=== DATASET CONTENT ===
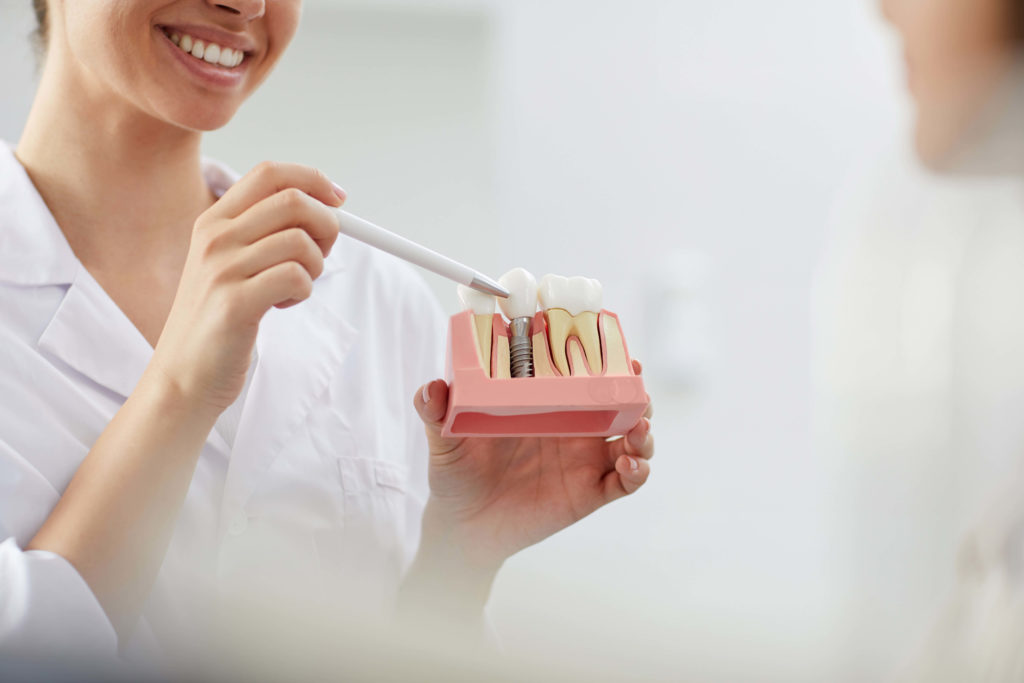 Life-Changing Benefits Of Dental Implants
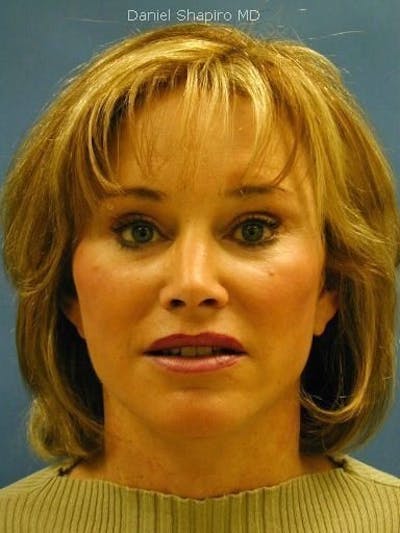 Facelift Before & After Gallery - Patient 17337635 - Image 2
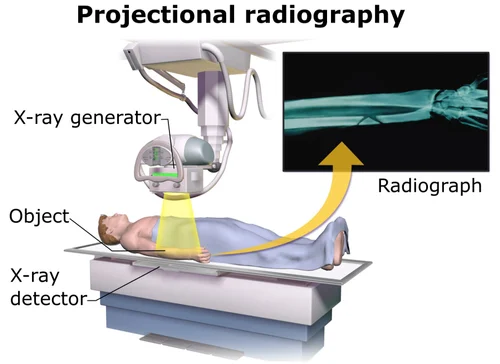 X-Ray Detector Instrument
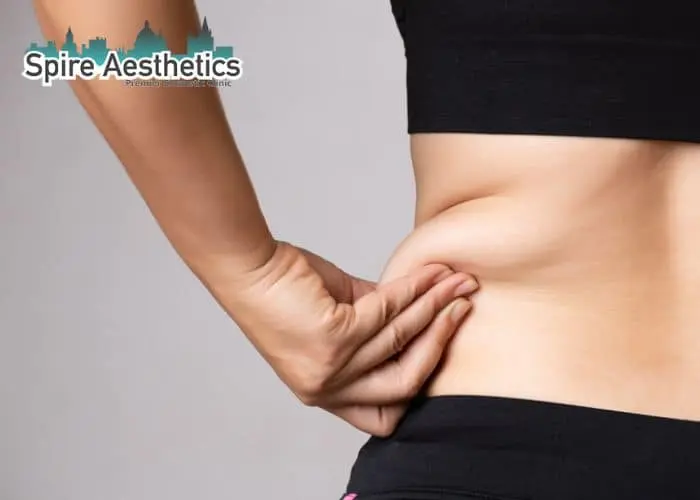 Image of woman pinching fat on their hips Solihull. Fat Freezing treatment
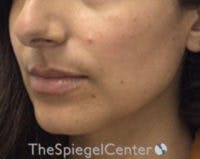 Chin Filler Before & After Gallery - Patient 825863 - Image 3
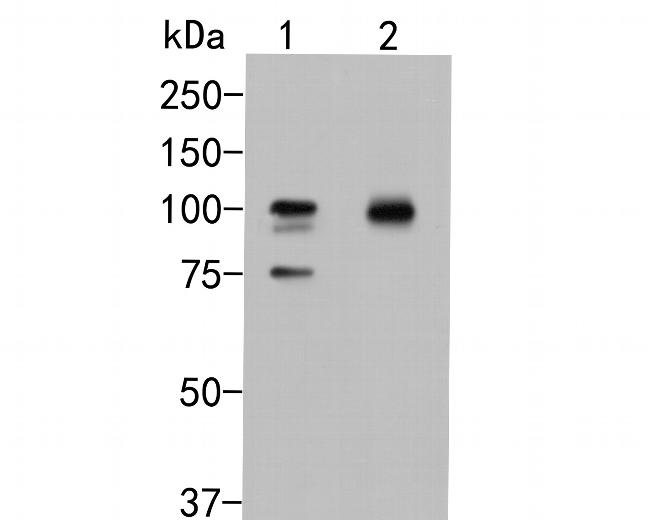 beta Galactosidase Antibody in Western Blot (WB)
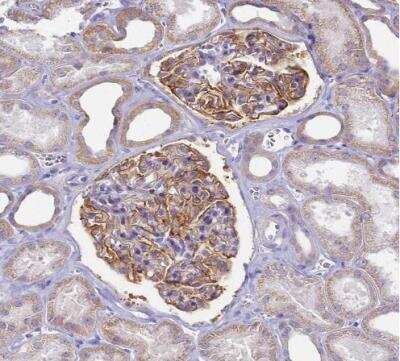 Immunohistochemistry-Paraffin: CD35 Antibody [NBP2-13870]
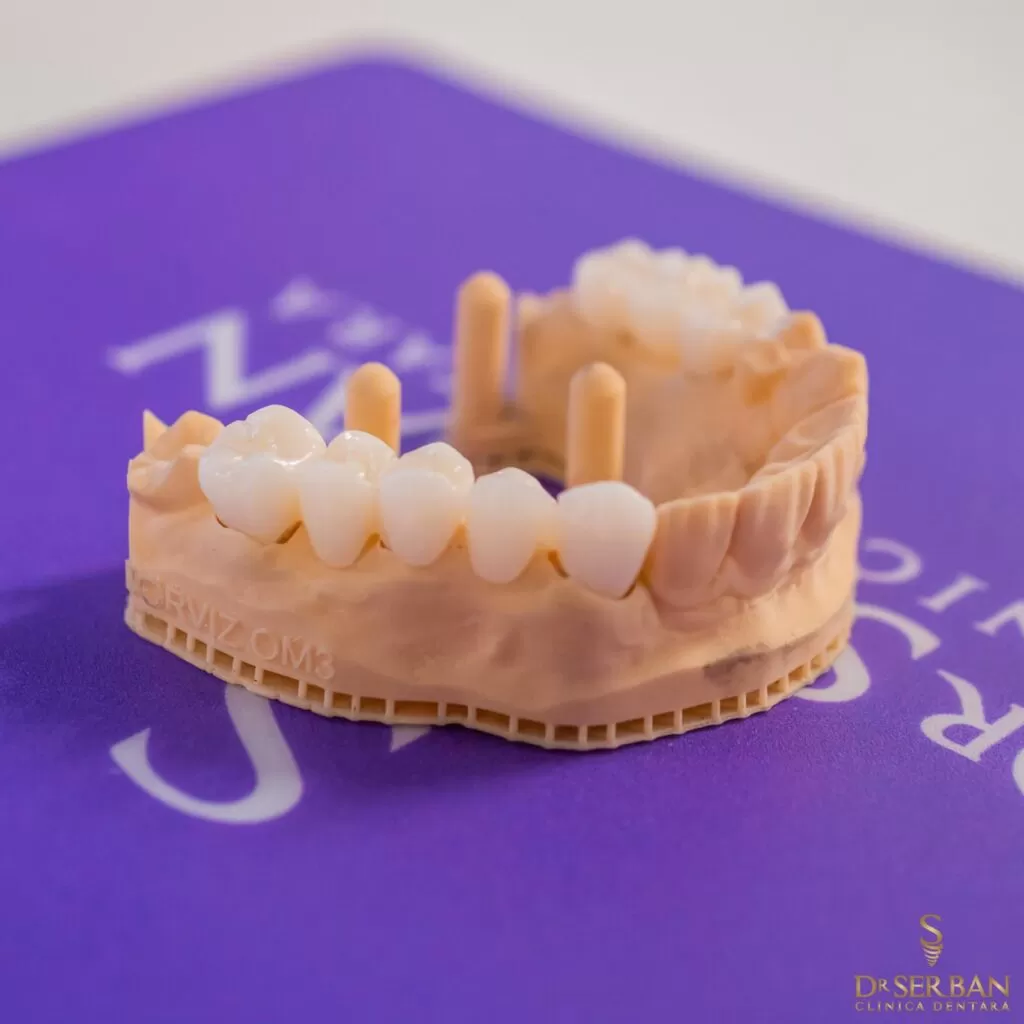 Coroane Dentare Bucuresti Sector 1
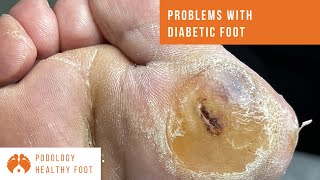 Problems with diabetic foot  wound treatment removal of hyperkeratosis [upl. by Ecertal]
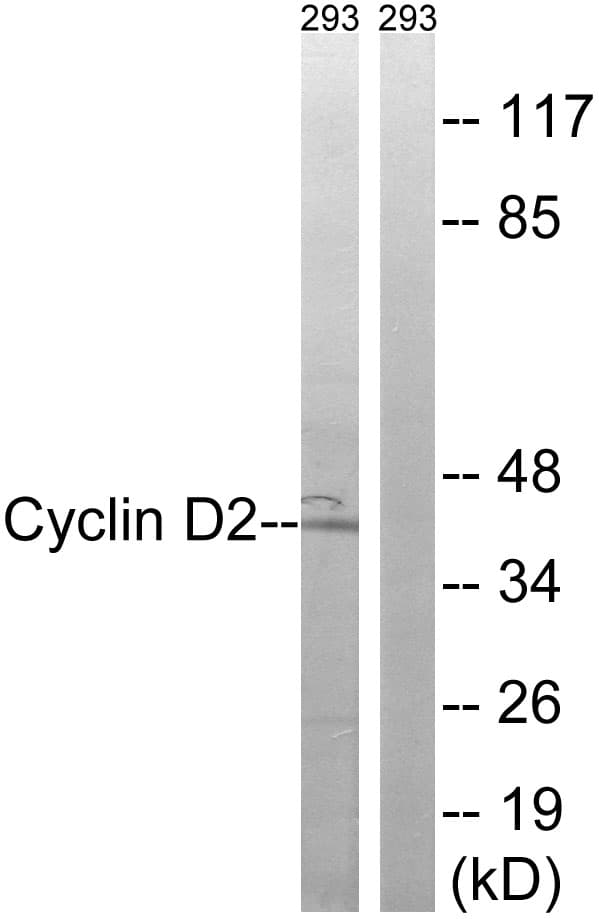 Polyclonal Rabbit anti-Human CCND2 / Cyclin D2 Antibody (aa240-289, WB)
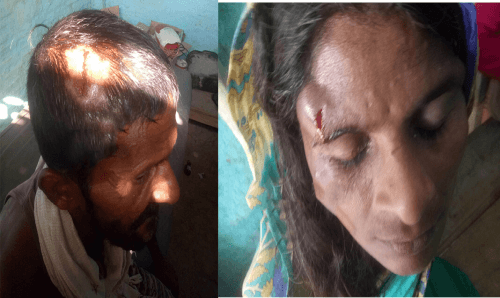 दुई 'यादव' परिवारबीच झडप, आधा दर्जन घाईते !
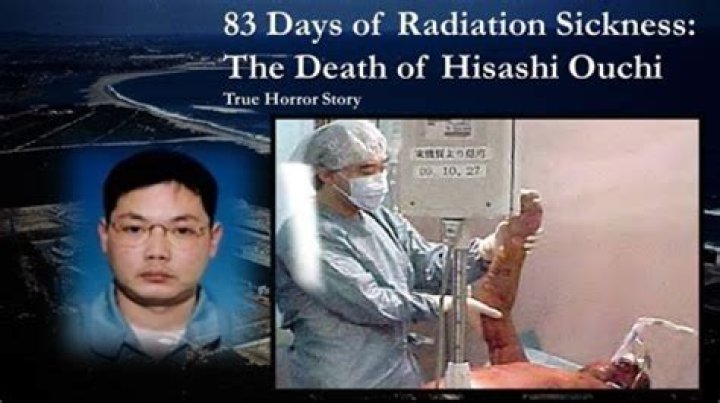 Hisashi Ouchi Photos Real: Unveiling the Truth Behind the Infamous Incident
===
**TASK REQUIREMENTS**
All lines from the one holding "Facelift Before &" through the last line of the material above should be set down exactly, and the pictures should be left out.

**EXERCISE RESPONSE**
 Facelift Before & After Gallery - Patient 17337635 - Image 2
 X-Ray Detector Instrument
 Image of woman pinching fat on their hips Solihull. Fat Freezing treatment
 Chin Filler Before & After Gallery - Patient 825863 - Image 3
 beta Galactosidase Antibody in Western Blot (WB)
 Immunohistochemistry-Paraffin: CD35 Antibody [NBP2-13870]
 Coroane Dentare Bucuresti Sector 1
 Problems with diabetic foot  wound treatment removal of hyperkeratosis [upl. by Ecertal]
 Polyclonal Rabbit anti-Human CCND2 / Cyclin D2 Antibody (aa240-289, WB)
 दुई 'यादव' परिवारबीच झडप, आधा दर्जन घाईते !
 Hisashi Ouchi Photos Real: Unveiling the Truth Behind the Infamous Incident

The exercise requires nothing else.